Avec un charme fou et une sensibilité aiguë, La Tête la première saisit ce moment de passage où sont mis à l'épreuve les archaïsmes de l'enfance, l'imaginaire amoureux et les prémices de l'indépendance. La rencontre inopinée de Zoé et Adrien sur une entrée d'autoroute inaugure le road movie sentimental qui, durant trois jours d'errance, mettra à l'épreuve les intermittences de leurs désirs en cet âge de bascule, plus vraiment adolescent, pas vraiment adulte, où les aspirations romanesques et le désir de liberté imposent leur primat.
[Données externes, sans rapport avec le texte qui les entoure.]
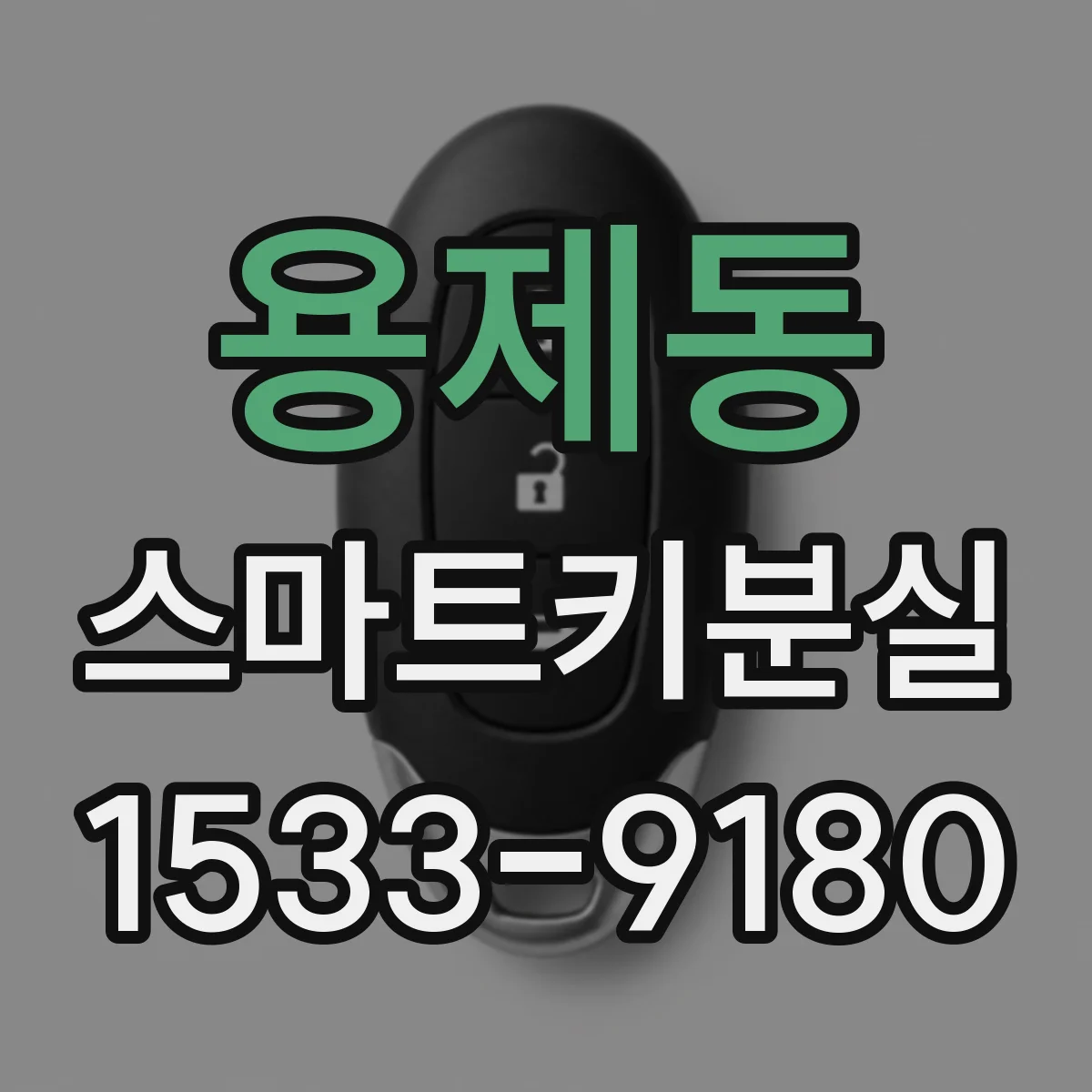 용제동 스마트키분실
Abrupts et gracieux, les comédiens donnent par l'opposition de ces qualités une profondeur qui les éloigne de la caricature. Le regard d'Adrien happé par le visage de porcelaine aux yeux battus de Zoé et la fluidité dansante de leur pas de deux irradient l'écran de l'énergie vif argent de leur liberté et déjouent tout stéréotype social.
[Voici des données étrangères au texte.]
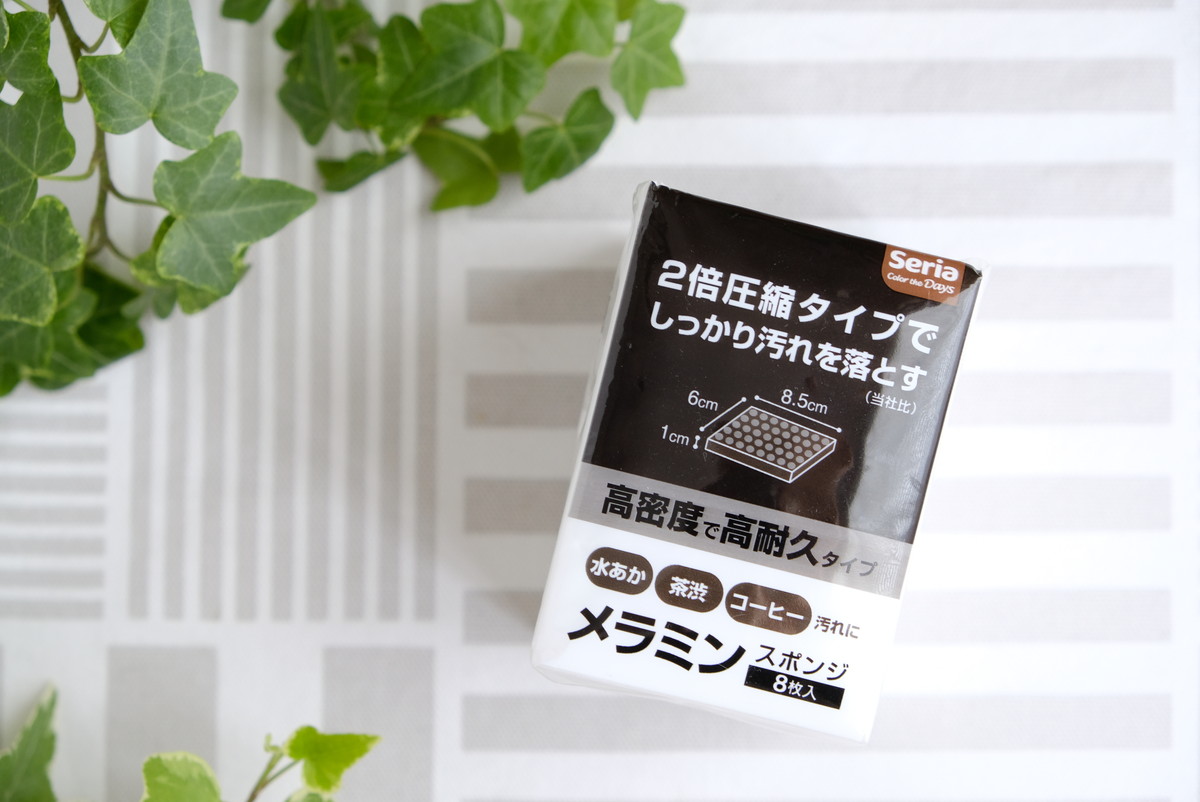 ❹8796セリア・キッチン掃除グッズ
Cinéma des corps et des regards, c'est aussi un cinéma du dialogue que propose Amélie van Elmbt, un cinéma qui parle le même langage que ceux qu'il dépeint, spontané et réfléchi. Ici les mots sont actions, les sentiments se construisent en même temps qu'ils s'expriment. Leurs déambulations mentales et physiques sont portées par un réalisme tranquille où les maisons isolées, comme dans les contes, offrent leur refuge aux enfants fugueurs.
Cette écriture sensible honore l'intelligence des protagonistes autant que celle du spectateur et rend hommage à la littérature, dont la présence perlée court tout au long du film. Si un livre, comme l'exprime Zoé, peut permettre de « se sentir vivant », le cinéma également quand il est dans cette forme de tension délicate.
La Tête la première : un coup de foudre à l'évidence.